There is a single Operating System event associated with the global socket which collects all OVS events.
It will be triggered through a completion of a pending I/O request in the driver.
> what is the format of the structs that would be read from nl_sock_recv()?
The socket structure would contain a system Overlapped structure (along with an event).
The Overlapped structure would be used only for unicast and multicast subscription.
Transaction and dump based sockets will always not be waitable.
>2. What would the relationship between hyper-v ports and hyper-v nics and dp ports would be?
>I mean, in the sense that the dp port additions and deletions would be requests coming from the userspace to the kernel (so no notification needed), while we get OIDs when nics connect & disconnect. In this sense, I see the hyper-v nic connection and disconnection as something that could be >implemented as API notification events.
I assume that the above question is not related to the Netlink interface but I think your description is correct in general:
Hyper-V ports (unlike tunnel ports) are created by the Hyper-V. The driver gets notified on every port creation or delition (or attribute change). In turn the driver queues an OVS event to a global queue (which was initially created when a multicat subscription IOCTL was sent to driver). Then, the driver will complete the pending IRP associated with the event queue. The user mode thread wairing on the event (associated with the Overlapped structure for this socket) will wake up and subsequently a DP port operation would be excuted.
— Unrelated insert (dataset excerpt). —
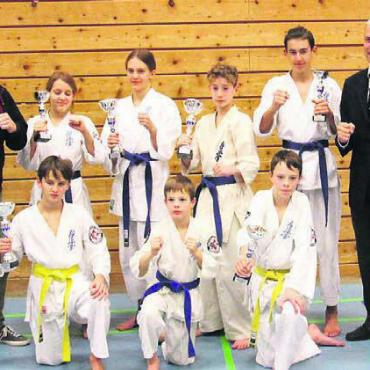 Erfolgreicher Nachwuchs - Die Wohler Karate-Junioren freuen sich über ihre erkämpften Trophäen. Stehend von links: Coach Marcel Unterasinger, Sophie Bacher, Lara Geissmann, Dimitri Stäger, Gian Baumann, Schiedsrichter Raphael Gauch. Kniend von links: Cédric Küchler, Nils Hoffmann, Sascha Hoffmann. Bild: zg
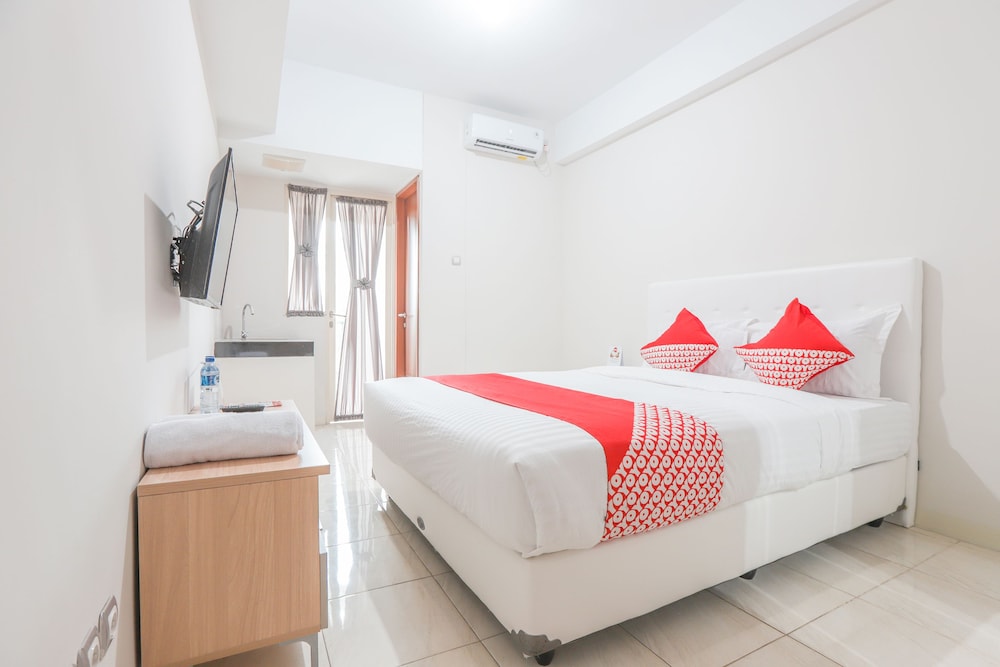 OYO 498 Green Lake View Ciputat 31/65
>o) "C. Implementation work flow"
>So our incremental development here would be:
>1. Add a new device (alongside the existing one) 2. Implement a netlink protocol (for basic parsing attributes, etc.) for the new device 3. Implement netlink datapath operations for this device (get and dump only)
>4. further & more advanced things are to be dealt with later.
Event notification (multicast) and missed packet path (unicast) will be developed as a second phase. At this phase the FPID device object will be removed and the "new" vswitchd process will control the driver over the Netlink device interface
>If I understand what you mean, I think this is an implementation detail.
>Basically, for our driver, for unicast messages I know that we can do sequential reads. We hold an 'offset' in the buffer where the next read must begin from. However, as I remember, the implementation for "write" simply overwrites the previous buffer (of the corresponding socket). I believe it is good to >keep one-write then one-receive instead of doing all writes, then all receives.
>However, I think we need to take into account the situation where the userspace might be providing a smaller buffer than it is the total to read. Also, I think the "dump" mechanism requires it.
I (want) to assume that each transaction is self-contained which means that the driver should not maintain a state of the transaction. Since, we will be using an IOCTL for that transaction the user mode buffer length will be specified in the command itself.
All Write/Read dump pairs are replaced with a single IOCTL call. As I understand transactions and dump are (as used for DPIF) are not really socket operation per se.
>My suggestions & opinions:
>o) I think we must do dumping via writes and reads. The main reason is the fact that we don't know the total size to read when we request, say, a flow dump.
/* Receive a reply. */
error = nl_sock_recv__(sock, buf_txn->reply, false);
I am not familiar with ofpbuf structure. I noticed that you guys used MAX_STACK_LENGTH for specifying the buffer length. I need to get back to you on this one.
>o) I believe we shouldn't use the netlink overhead (nlmsghdr, genlmsghdr, attributes) when not needed (say, when registering a KEVENT notification) , and, if w>e choose not to use netlink protocol always, we may need a way to differentiate between netlink and non-netlink requests.
Possible, as phase for optimization
Thanks you Sam for reviewing these notes. Please feel free to ask or raise any comments.